Hong Kong was once a beacon of opportunity, of democracy. It was a political refuge, a blip in a territory controlled by communist China.
Seemingly overnight, 7.5 million Hong Kongers have had their freedoms stripped from them by an oppressive Chinese regime intent silencing any voice of dissent — and that doesn’t mean revoking the odd Twitter account. It means imprisonment and death.
In spite of this risk, Hong Kong’s most prominent billionaire, Lai Chee-ying, better known as Jimmy Lai, has given up a life of comfort to become a dissident.
“All I have, this place gave me,” Lai said of his beloved Hong Kong.
Lai sought the light of Hong Kong as a young man, fleeing communist China as a 12-year-old refugee with nothing. After getting off the boat Lai immediately went to a textile factory, where he worked and slept.

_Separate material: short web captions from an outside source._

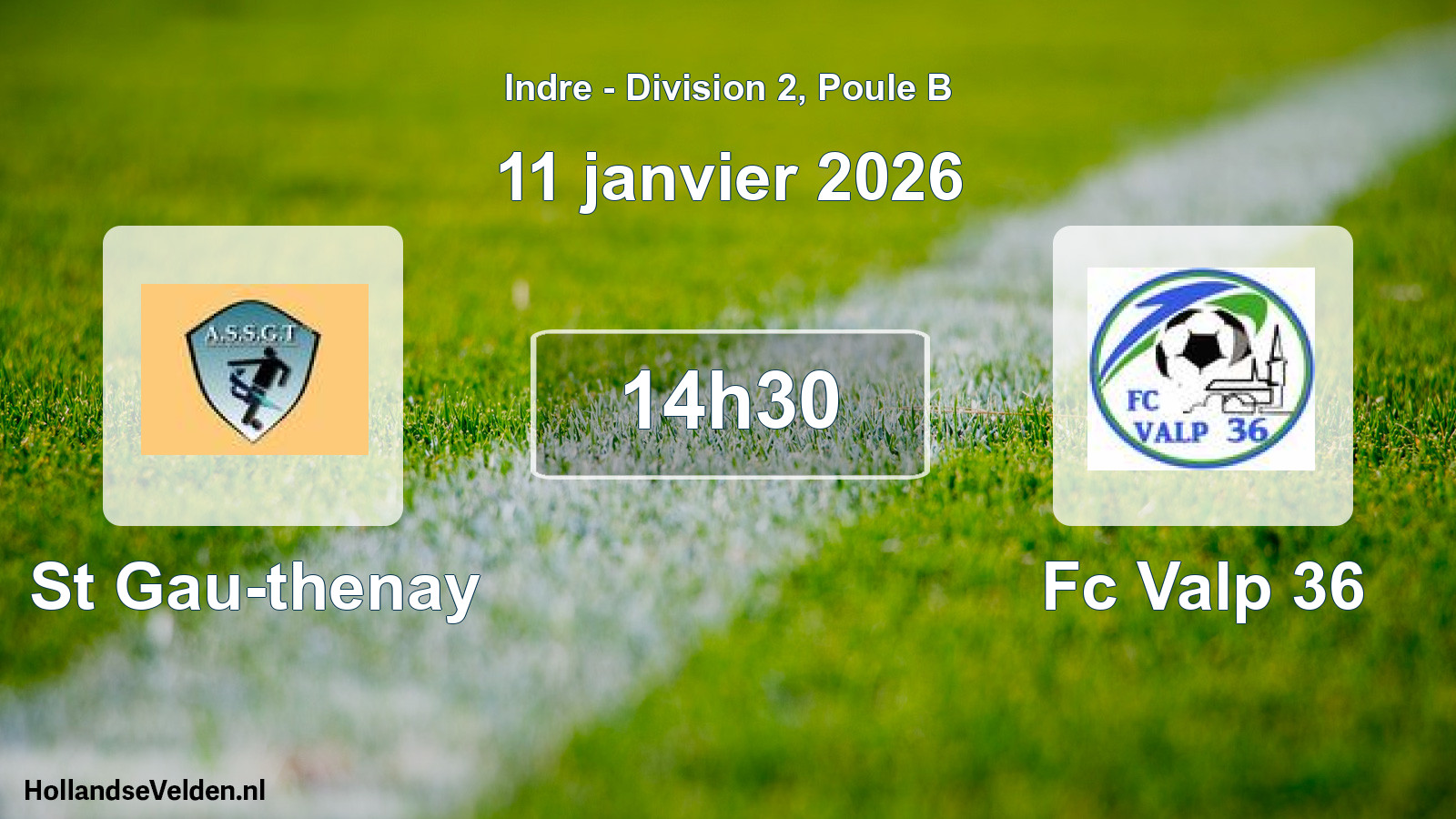 Geplande wedstrijd: St Gau-thenay - Fc Valp 36 (11 januari 2026)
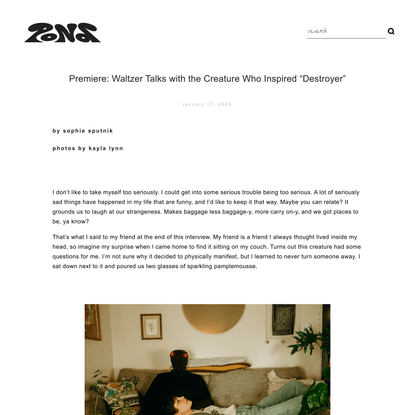 Premiere: Waltzer Talks with the Creature Who Inspired “Destroyer” — POND Magazine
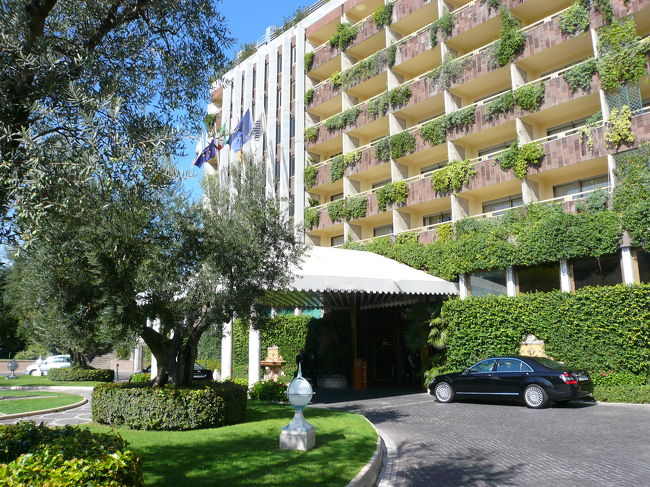 本日のホテルはヴァチカン郊外の小高い丘の上、カバリエ・ヒルトンです。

He was poor. He was free. He was happy.
For the first time in his life, Lai knew he had a future. He capitalized on the abundance of opportunities Hong Kong presented him, and by age 59, Lai was a billionaire. He accrued his wealth by building a wildly successful clothing and media businesses.
But as the threat of Chinese control over all aspects of life in Hong Kong grew more and more dire, Lai knew that his was not the legacy he needed to preserve — it was Hong Kong he needed to fight for.
“If I go on making money, it doesn’t mean anything to me. If I go into the media business … I can deliver choice. And choice is freedom,” Lai said.
He’s been arrested three times. Apple Daily, the newspaper that Lai built from the ground up and that became the leading pro-democracy voice in Hong Kong, has been shuttered for violating far-reaching Chinese Communist Party rules that allow the CCP to silence dissent.
Lai could have kept his billions and spent his retirement enjoying the fruits of his labor. As a citizen of the United Kingdom, he could have fled Hong Kong altogether. Instead, he chose to fight.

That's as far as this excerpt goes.